Required action:
Begin with the line that holds "Lichtfasern Mandala Poster (Vorne)" and retype through the last line of the listing below, exactly; pictures are not part of the copy.

Given data:
= Beginning of Section =

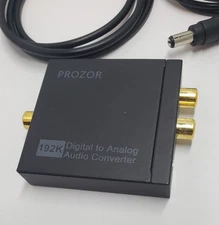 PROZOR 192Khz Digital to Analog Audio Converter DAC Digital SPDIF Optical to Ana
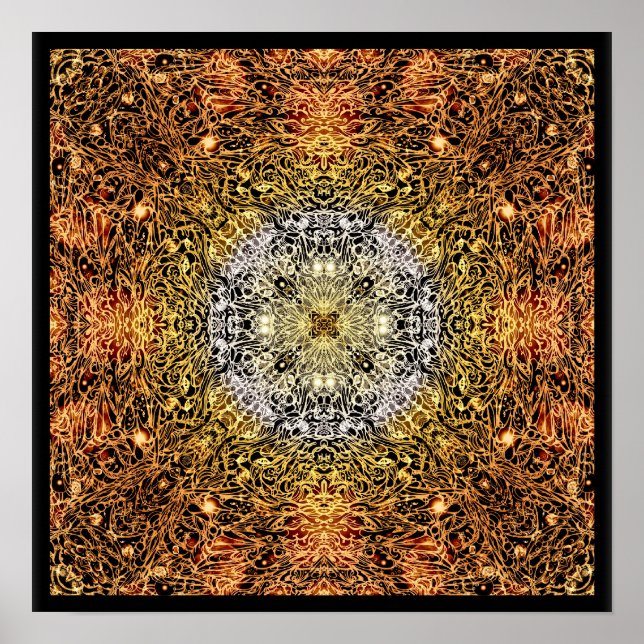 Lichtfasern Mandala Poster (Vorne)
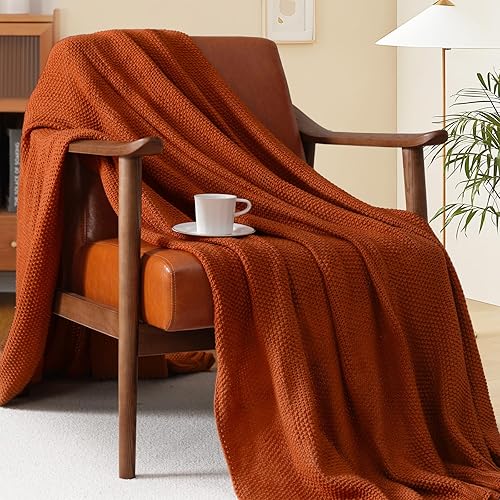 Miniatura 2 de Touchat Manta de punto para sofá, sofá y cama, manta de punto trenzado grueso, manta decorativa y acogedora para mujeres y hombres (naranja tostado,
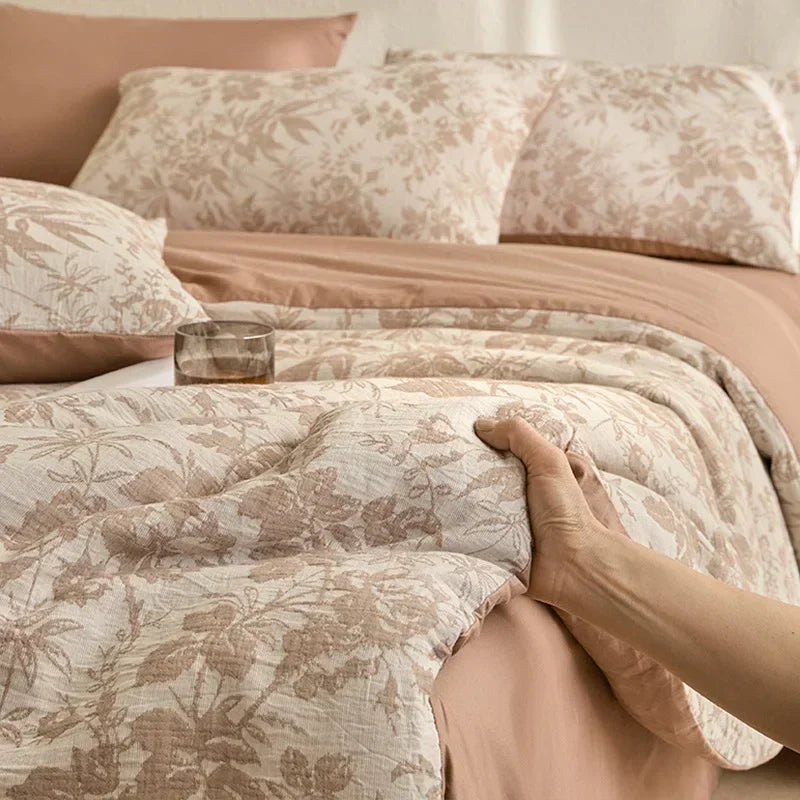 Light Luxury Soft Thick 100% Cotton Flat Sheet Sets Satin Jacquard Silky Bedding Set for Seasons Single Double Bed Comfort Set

= End of Section =

Written solution:
 Lichtfasern Mandala Poster (Vorne)
 Miniatura 2 de Touchat Manta de punto para sofá, sofá y cama, manta de punto trenzado grueso, manta decorativa y acogedora para mujeres y hombres (naranja tostado,
 Light Luxury Soft Thick 100% Cotton Flat Sheet Sets Satin Jacquard Silky Bedding Set for Seasons Single Double Bed Comfort Set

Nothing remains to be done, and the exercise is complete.